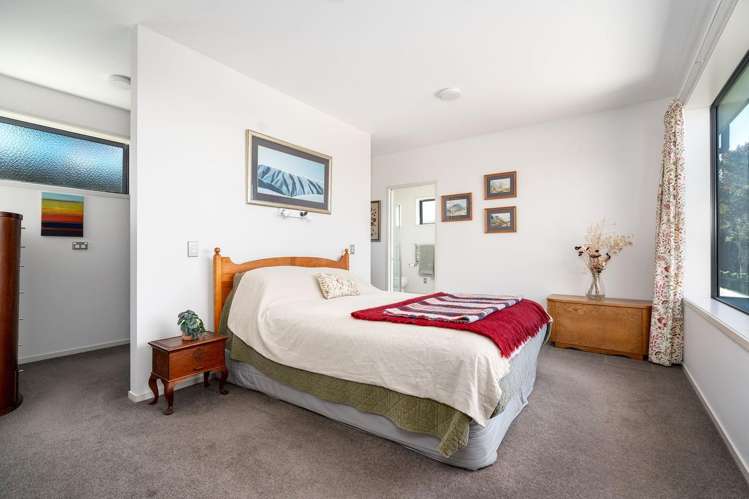 45 Major Hornbrook Road Mount Pleasant_9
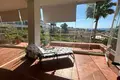 Wohnung 2 Schlafzimmer 122 m² Mijas, Spanien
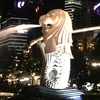 レモンサワオ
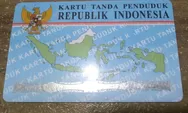 Dukcapil Kabupaten Bandung Sebut KTP Digital Bisa Gantikan KTP Fisik, Termasuk untuk Perbankan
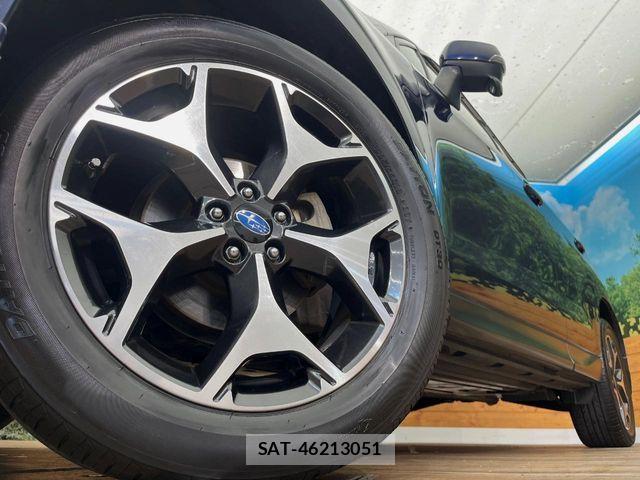 Subaru FORESTER 2016-01 8245238-13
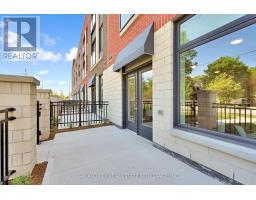 410 - 385 HILL STREET, London East, Ontario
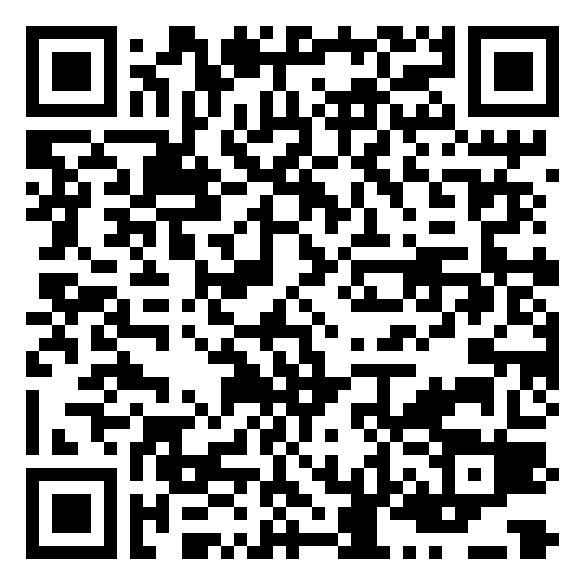 kod QR z danymi kontaktowymi 14011567700000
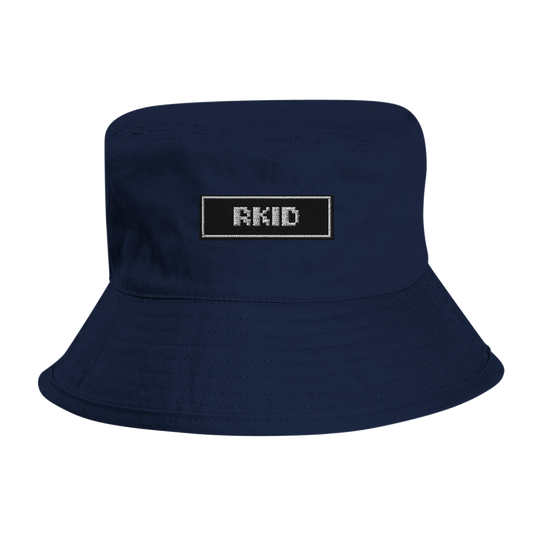 7b511f25-1c22-4c21-b4d9-0c03b31a2985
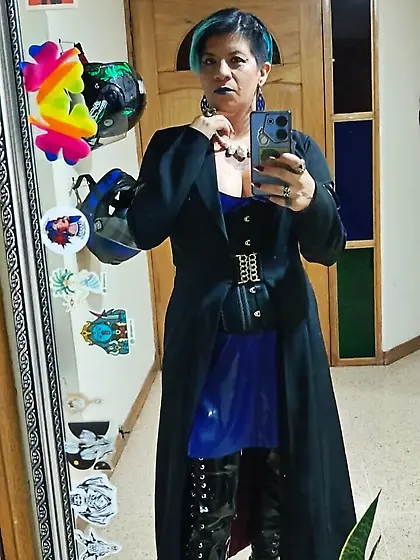 Dom Blue Free Photos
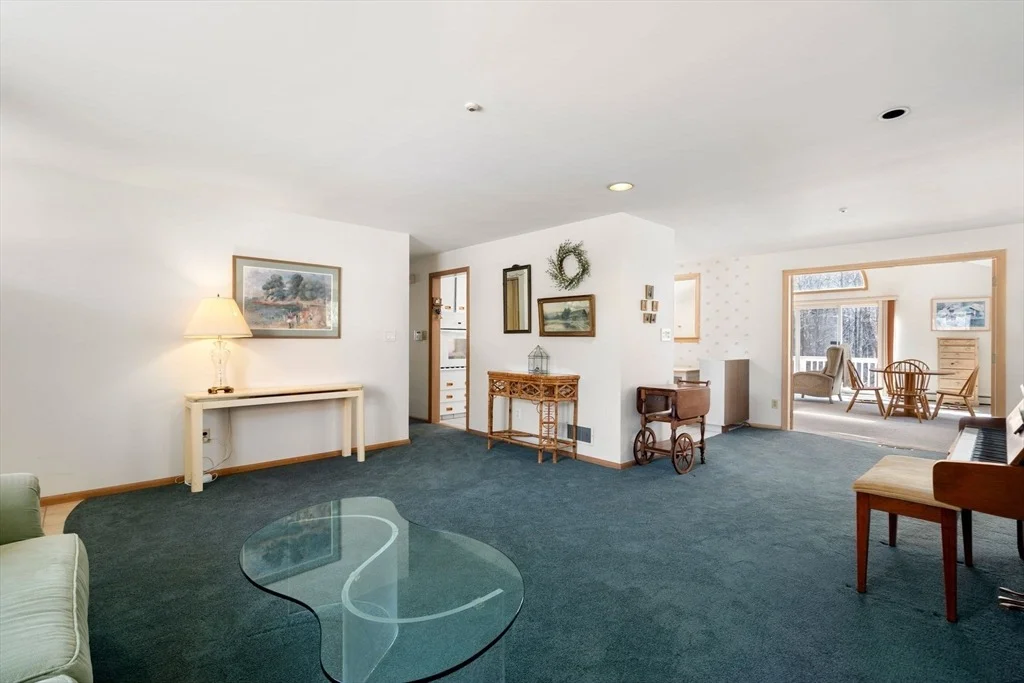 Photo of 39 Mcadams Road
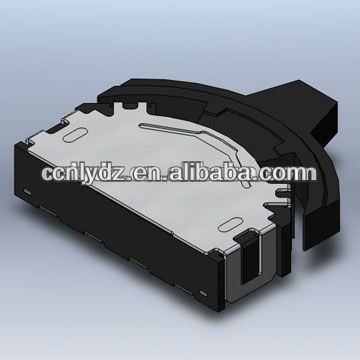 モーメンタリプッシュボタン電気スイッチのタイプly-k6-01cレバースイッチ-押しボタンスイッチ問屋・仕入れ・卸・卸売り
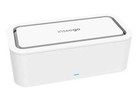 Inseego Wavemaker Fx3100 5g Indoor Router White Unlocked New Sealed Wifi 6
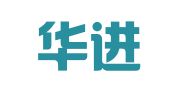 北京华进京联知识产权代理有限公司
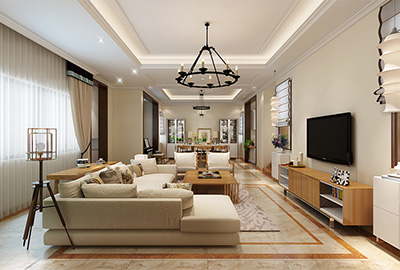 精裝房驗(yàn)收知識 精裝房驗(yàn)收常識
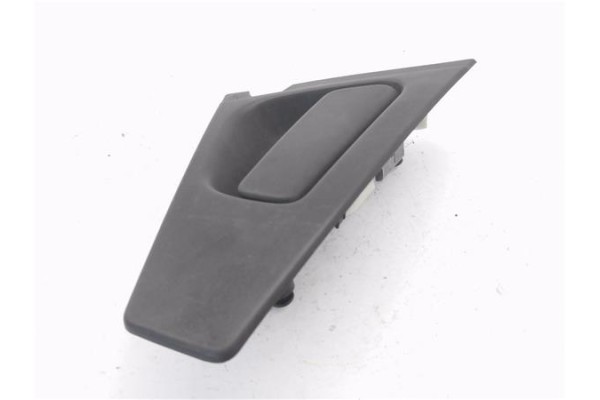 Recambio de maneta exterior trasero izquierda para renault clio iv 1.5 business referencia OEM IAM 806061728R  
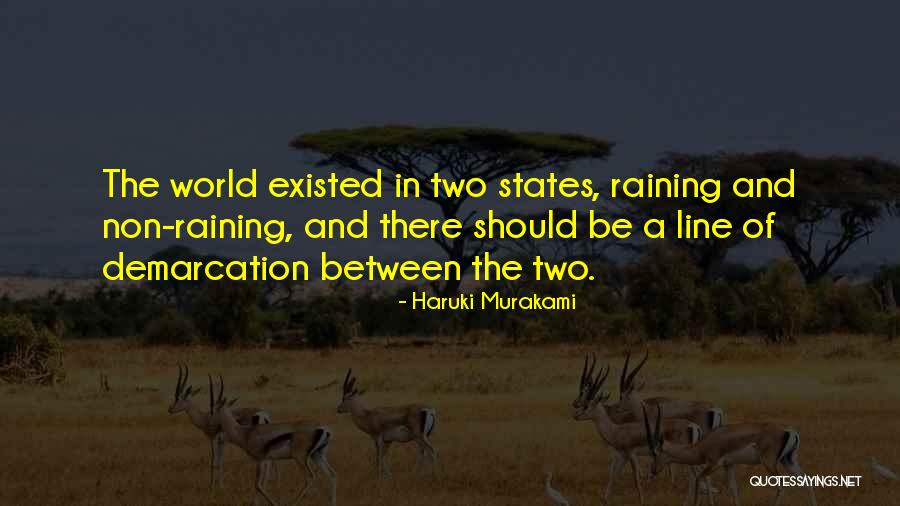 Orkisz Wikipedia Quotes By Haruki Murakami Orkisz Wikipedia Quotes By Haruki Murakami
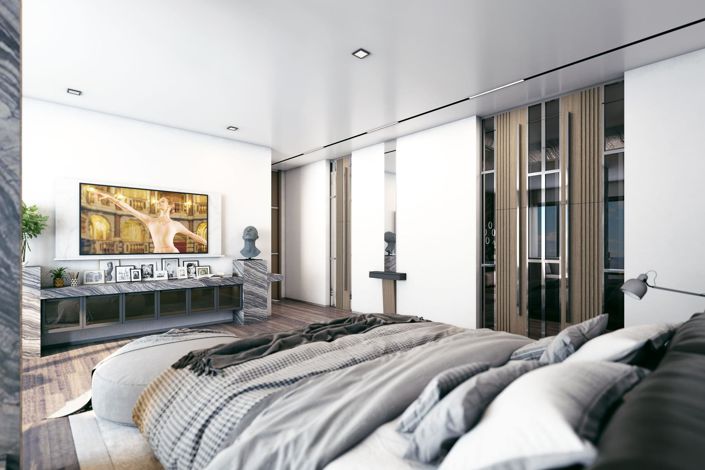 Image No.29-4 Bed Villa for sale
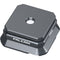 Falcam F22 Quick Release Plate to Cold Shoe Adapter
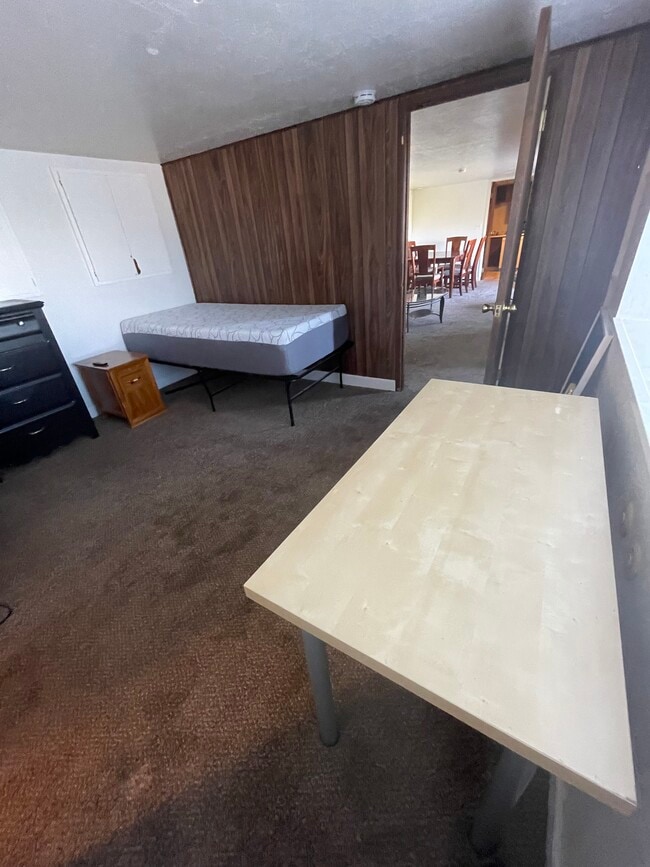 Photo - 236 Lomas Cantadas Unit In-Law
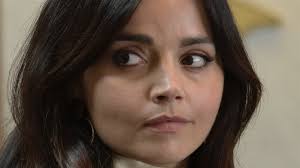 Why Marie-Andrée Leclerc From The Serpent Looks So Familiar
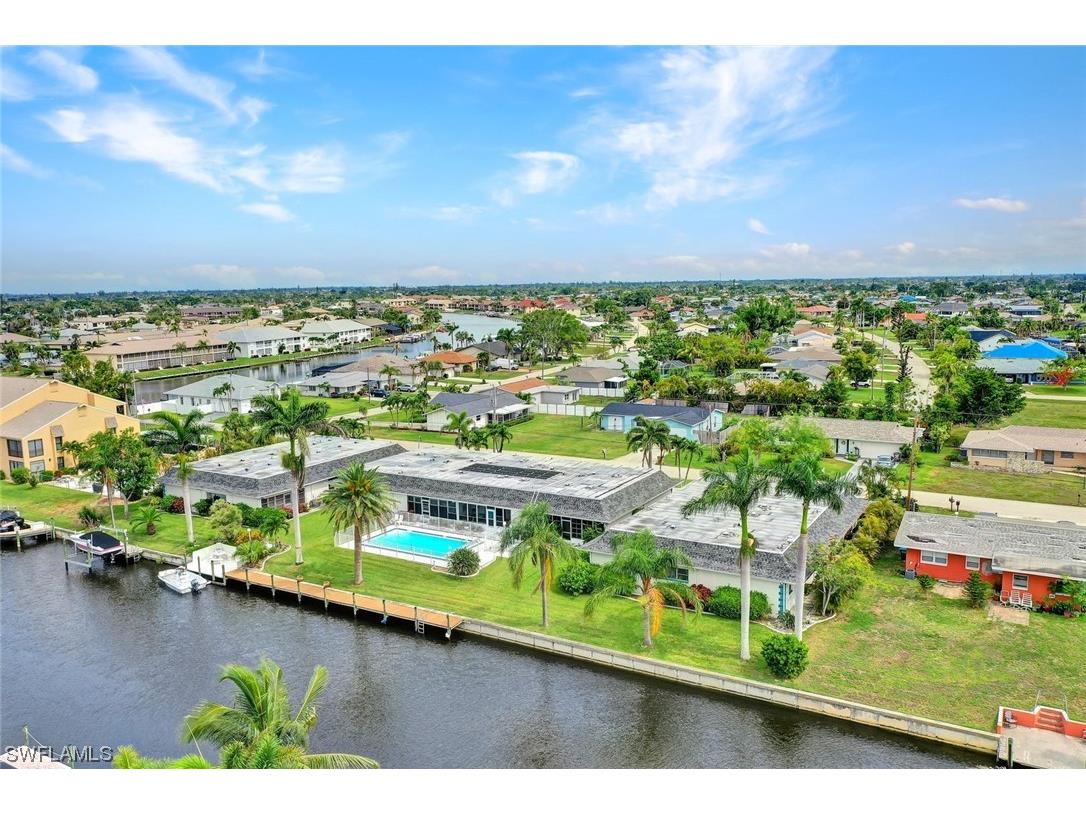 1220 SE 40th Street #9 Cape Coral FL 33904 223041462 image1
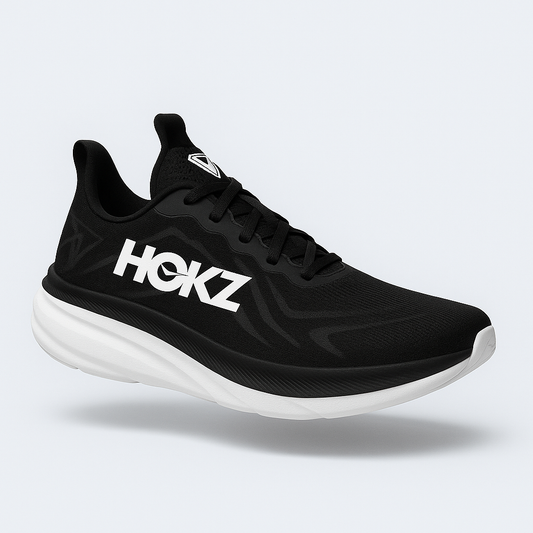Ultralight Sportschuhe | Atmungsaktive Sneaker Herren Für Maximale Energie Und Komfort 0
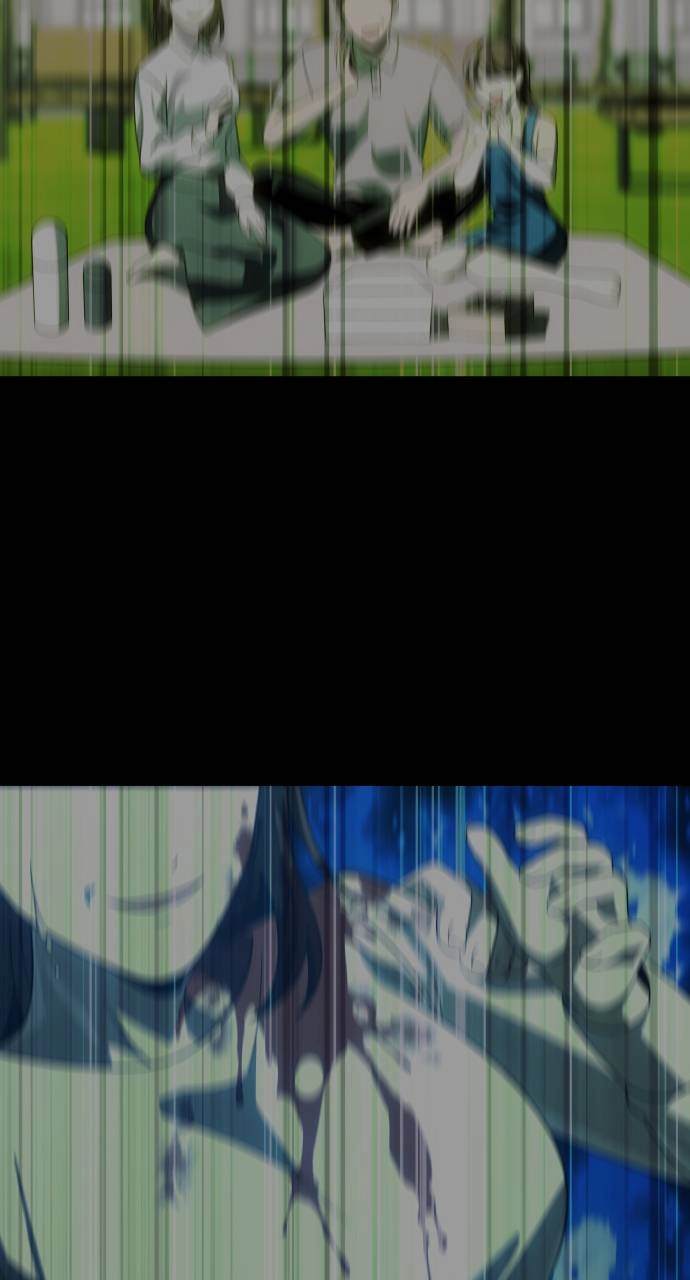 I Was the Final Boss Chapter 72, page 44 of 149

REQUIRED WORK -
In the copy, include exactly the lines from the one containing "Image No.29-4 Bed Villa for sale" through the last line of the records, and no pictures or other text.

WRITTEN SOLUTION -
 Image No.29-4 Bed Villa for sale
 Falcam F22 Quick Release Plate to Cold Shoe Adapter
 Photo - 236 Lomas Cantadas Unit In-Law
 Why Marie-Andrée Leclerc From The Serpent Looks So Familiar
 1220 SE 40th Street #9 Cape Coral FL 33904 223041462 image1
Ultralight Sportschuhe | Atmungsaktive Sneaker Herren Für Maximale Energie Und Komfort 0
 I Was the Final Boss Chapter 72, page 44 of 149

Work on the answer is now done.